# RO filter system - for crystal shrimps



## Fishyfishyfishy (Mar 3, 2008)

Hi, anyone using RO filters from http://www.aquasafecanada.com/ ?

I am thinking of the Home II system. Anyone using this filter right now? I can't find any reviews online.


----------



## randy (Jan 29, 2012)

Fishyfishyfishy said:


> Hi, anyone using RO filters from http://www.aquasafecanada.com/ ?
> 
> I am thinking of the Home II system. Anyone using this filter right now? I can't find any reviews online.


That's the exact model I have. I bought it about 2 months ago. See this thread for discussion.

I'm happy with it, but I wish I also purchased 2 or 3 extra DI filters to connect them with my unit.

It took me about 2 to 3 hours to install it myself, it should take me about 1 hour or less if I'm to do it a second time. I read the instructions three times before I started and really took my time. Trust me, if I can install it, everyone can.

BTW, I didn't really compare the price but I got it via their ebay store (search aquasafe in ebay), IIRC, I paid around $250 that's the system + 6 sets of filters, tax/shipping all included. That ebay combo also comes with a free TDS meter and a pressure gauge for free. Again, consider the DI filter, if you buy them together you'll save on shipping v.s. you buy later.


----------



## CrystalMethShrimp (Apr 27, 2010)

So is it 1 cent per liter or 2 cents?

And iit says the water is alkaline, what ph does it come out at?


----------



## randy (Jan 29, 2012)

CrystalMethShrimp said:


> So is it 1 cent per liter or 2 cents?
> 
> And iit says the water is alkaline, what ph does it come out at?


My RO PH is at around 6.5 - 7.2 right out of the storage tank, but 90% of the time it's 6.6-6.8. (Tap is 7.8). Not sure what you mean by 1 cent or 2 cents, the cost? I think in Markham I'm paying $2 for 1 cubic meter of tap water, that 0.2 cents per liter. On average, 1 liter of RO produced you waste 5 liters of water (you can adjust this ratio with this particular model, up to 1:2 I think), so 1 liter of RO costs you about 1 cent by utility. Then one set of filter cost about $20 that lasts 6 months assuming you use 3 to 5 gallons a day, and menbrane is around $50 that's every two years..... you do the math as I don't think it's that expensive and you have better water for home use too.


----------



## getochkn (Jul 10, 2011)

Actually, no, you don't want the DI resins. They will increase pH near 8.

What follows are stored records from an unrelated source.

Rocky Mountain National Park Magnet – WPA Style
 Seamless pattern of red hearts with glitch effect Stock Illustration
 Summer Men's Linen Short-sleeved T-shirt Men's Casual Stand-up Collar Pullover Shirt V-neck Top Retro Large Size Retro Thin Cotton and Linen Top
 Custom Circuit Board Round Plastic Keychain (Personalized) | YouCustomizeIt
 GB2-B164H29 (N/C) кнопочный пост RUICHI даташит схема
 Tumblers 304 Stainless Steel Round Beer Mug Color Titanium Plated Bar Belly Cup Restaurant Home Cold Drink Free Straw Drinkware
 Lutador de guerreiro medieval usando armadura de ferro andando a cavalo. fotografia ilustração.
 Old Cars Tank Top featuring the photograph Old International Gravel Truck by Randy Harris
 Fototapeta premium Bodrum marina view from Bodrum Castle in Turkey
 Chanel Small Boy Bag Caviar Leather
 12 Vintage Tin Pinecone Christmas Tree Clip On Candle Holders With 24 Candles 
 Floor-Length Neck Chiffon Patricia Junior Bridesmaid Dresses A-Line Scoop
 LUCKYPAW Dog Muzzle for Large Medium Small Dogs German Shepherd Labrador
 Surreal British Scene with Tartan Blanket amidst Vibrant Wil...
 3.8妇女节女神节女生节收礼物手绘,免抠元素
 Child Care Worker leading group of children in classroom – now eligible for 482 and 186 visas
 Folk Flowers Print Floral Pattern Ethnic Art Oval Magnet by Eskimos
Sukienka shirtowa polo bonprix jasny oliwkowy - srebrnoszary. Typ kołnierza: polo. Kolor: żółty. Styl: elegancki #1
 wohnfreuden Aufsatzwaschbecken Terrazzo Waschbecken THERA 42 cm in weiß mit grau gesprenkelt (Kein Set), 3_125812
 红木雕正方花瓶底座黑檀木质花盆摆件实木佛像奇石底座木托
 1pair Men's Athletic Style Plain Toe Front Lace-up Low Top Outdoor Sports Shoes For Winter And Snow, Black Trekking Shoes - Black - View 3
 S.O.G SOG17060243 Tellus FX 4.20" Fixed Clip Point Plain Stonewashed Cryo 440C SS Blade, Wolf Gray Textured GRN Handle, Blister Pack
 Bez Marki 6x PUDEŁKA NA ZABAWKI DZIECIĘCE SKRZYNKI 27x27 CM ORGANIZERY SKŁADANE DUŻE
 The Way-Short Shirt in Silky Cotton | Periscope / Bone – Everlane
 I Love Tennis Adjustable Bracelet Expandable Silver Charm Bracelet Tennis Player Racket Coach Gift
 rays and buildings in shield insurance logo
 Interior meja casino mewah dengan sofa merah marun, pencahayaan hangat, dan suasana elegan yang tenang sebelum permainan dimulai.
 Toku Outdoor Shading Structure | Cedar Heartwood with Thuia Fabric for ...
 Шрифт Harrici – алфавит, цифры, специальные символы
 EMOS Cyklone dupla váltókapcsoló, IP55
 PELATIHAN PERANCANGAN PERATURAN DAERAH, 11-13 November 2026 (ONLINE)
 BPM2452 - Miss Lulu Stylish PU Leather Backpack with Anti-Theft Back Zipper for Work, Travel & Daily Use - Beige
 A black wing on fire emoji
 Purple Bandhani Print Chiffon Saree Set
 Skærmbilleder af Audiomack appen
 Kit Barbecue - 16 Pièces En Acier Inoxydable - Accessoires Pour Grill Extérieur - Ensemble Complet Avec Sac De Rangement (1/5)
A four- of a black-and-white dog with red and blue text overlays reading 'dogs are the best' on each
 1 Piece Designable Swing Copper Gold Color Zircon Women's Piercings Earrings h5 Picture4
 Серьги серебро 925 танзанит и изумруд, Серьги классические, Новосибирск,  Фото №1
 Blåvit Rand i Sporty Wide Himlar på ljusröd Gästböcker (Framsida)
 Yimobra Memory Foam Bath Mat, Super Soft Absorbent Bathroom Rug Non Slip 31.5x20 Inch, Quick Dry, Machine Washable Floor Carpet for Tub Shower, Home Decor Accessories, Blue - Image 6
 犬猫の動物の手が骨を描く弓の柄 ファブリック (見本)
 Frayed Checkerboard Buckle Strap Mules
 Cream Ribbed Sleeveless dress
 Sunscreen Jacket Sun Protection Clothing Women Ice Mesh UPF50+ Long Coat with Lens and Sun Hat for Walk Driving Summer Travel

This is what it used to say on the website. Not sure why they changed it but this was there before "This stage will also increase the PH of your drinking water to an alkaline state between 7.4 and 8 PH.".

This was brought up in a discussion when they were advertising the DI filters as they are a sponsor on TPT and I asked the question of them.

http://www.plantedtank.net/forums/a...167968-di-resin-canister-filled-di-resin.html

So you're better off with the home system I think as you're not passing it through the pH increasing DI resin.


----------



## getochkn (Jul 10, 2011)

I just read through your post on Randy. Are you testing the pH straight from the unit? You're going to get reading all over the place as pure water has no buffer for a pH meter to test against. Try adding your mineral plus or whatever your use, then test pH.

Also, if you're getting a few ppm, that's fine. Those extra DI filters are what remove the last few % from the water but as stated, they also increase pH. You're better off dealing with 4ppm.


----------



## randy (Jan 29, 2012)

getochkn said:


> I just read through your post on Randy. Are you testing the pH straight from the unit? You're going to get reading all over the place as pure water has no buffer for a pH meter to test against. Try adding your mineral plus or whatever your use, then test pH.
> 
> Also, if you're getting a few ppm, that's fine. Those extra DI filters are what remove the last few % from the water but as stated, they also increase pH. You're better off dealing with 4ppm.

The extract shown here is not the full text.